Three years ago, Castelli and Shnapir made their senior-level debut at the 2010 U.S. Championships and placed 10th. In each of their next two trips to nationals, they finished fifth, and when they came back to Boston after the 2012 U.S. Championships, they were on the verge of splitting. They were fighting; they weren't happy, and their coaches weren't happy.

That February, Martin took his family on a 10-day vacation to Lake Tahoe, but before he left, he gave the couple an ultimatum: They had to skate, but they couldn't take lessons from any other coaches at the rink. And when Martin was to return, he needed to know if they were still going to skate together.

"Things were not going to continue like they were when I came back," Martin said.

Upon his return, Castelli and Shnapir decided that, yes, things were going to change, and that they wanted to remain with their coaches in Boston. (In addition to Martin, Castelli and Shnapir work with Carrie Wall and Sheryl Franks at the Skating Club of Boston.)

Castelli confirmed that the possibility of splitting was real.

"Yes, that was actually something we considered," she said. "We had a really difficult time at the end of last season, and we kind of hit our all-time low."

But with the 2014 Olympic Winter Games in Sochi, Russia, around the corner, and with so much history together, they decided to give skating one more shot together. From that point on, Castelli said they decided to "kick it up and train like we never have before."

"It's a completely new team, new relationship," Shnapir added.

One of the first things the skaters decided to do was go to Montreal to work with choreographer Julie Marcotte. She came up with ideas for both their short program and free skate, and they took her plans to heart. They use "Stray Cat Strut" and "Pink Panther" for their short and a tango for the free skate, and they haven't veered off Marcotte's course.

Their work and change in attitude have paid off.

They opened the season with a fifth-place showing at Skate America and followed up with their first international victory, at the 2012 Ice Challenge in Graz, Austria. Then they earned their first Grand Prix medal, a bronze, at the NHK Trophy.

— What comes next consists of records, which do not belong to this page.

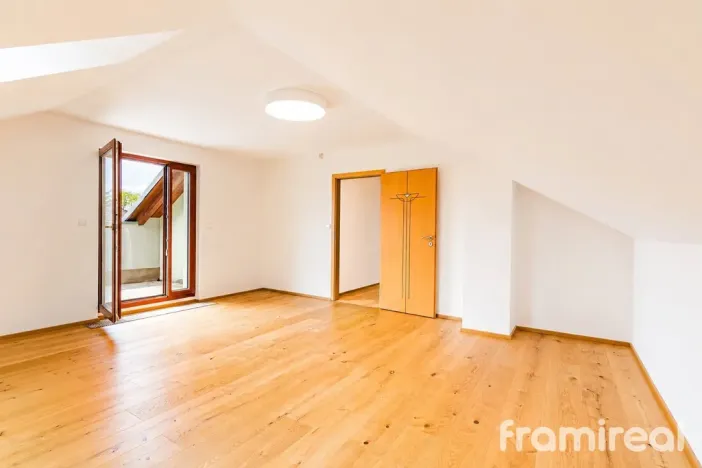 Prodej rodinného domu, Ohrobec, Krátká, 400 m2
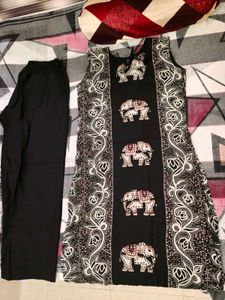 Stylish Elephant Print Kurta Set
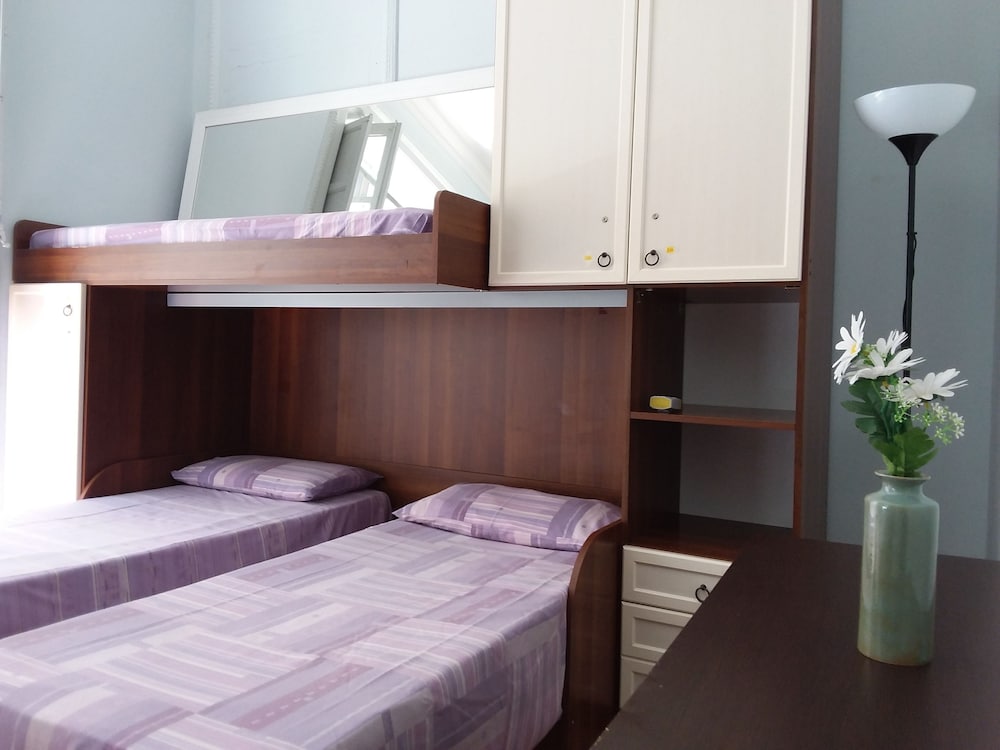 FEMALE DORM, FEMALE ONLY, SHARED BATHROOM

When 2012 U.S. champions Caydee Denney and John Coughlin withdrew from the 2013 U.S. Championships (he suffered a hip injury), Castelli and Shnapir found themselves in the unusual and unexpected position as favorites for the title. After all, they had never been on the podium at nationals at the senior level, much less the team to beat for gold.

"To be considered favorites at nationals was amazing and something I never could've imagined," Castelli said.

Yet Castelli and Shnapir turned those sudden expectations into reality, earning the national title and a berth to the 2013 World Championships.

Martin, for one, has been pleased with the transformation. Not only are the skaters more enjoyable to work with, but their level of skating has improved. Martin's philosophy is to keep a team's average performance at a high level so he has an idea of how much to expect at a competition. In the past, there was so much tension that it was tough for anyone to gauge how they would perform.

That's changed for the better.

"I can stand now at the board and know what to expect," Martin said.

When asked about his expectations for the team at the world championships, Martin said, "I want to see a good, solid competition from the moment they step on that plane to the moment they come back to Boston. I also want them to enjoy themselves. They've earned this. They deserve this."

New to the international scene, Castelli and Shnapir still have a ways to go toward polishing their skating and making a name for themselves. They are an incredibly strong team, and they feature huge triple twists and big throws -- they have worked on throw triple Axels and throw quads, though they said they don't plan to attempt one in competition at worlds. But there is definite room for improvement with spins and overall artistry.

In the scheme of things, however, especially considering how far they have come from last year, those criticisms pale by comparison.

They are looking forward, not back.

"We've really committed to each other," Castelli said. "It's amazing what we can achieve together, and it hasn't stopped yet. And we have even bigger goals and dreams for the next year."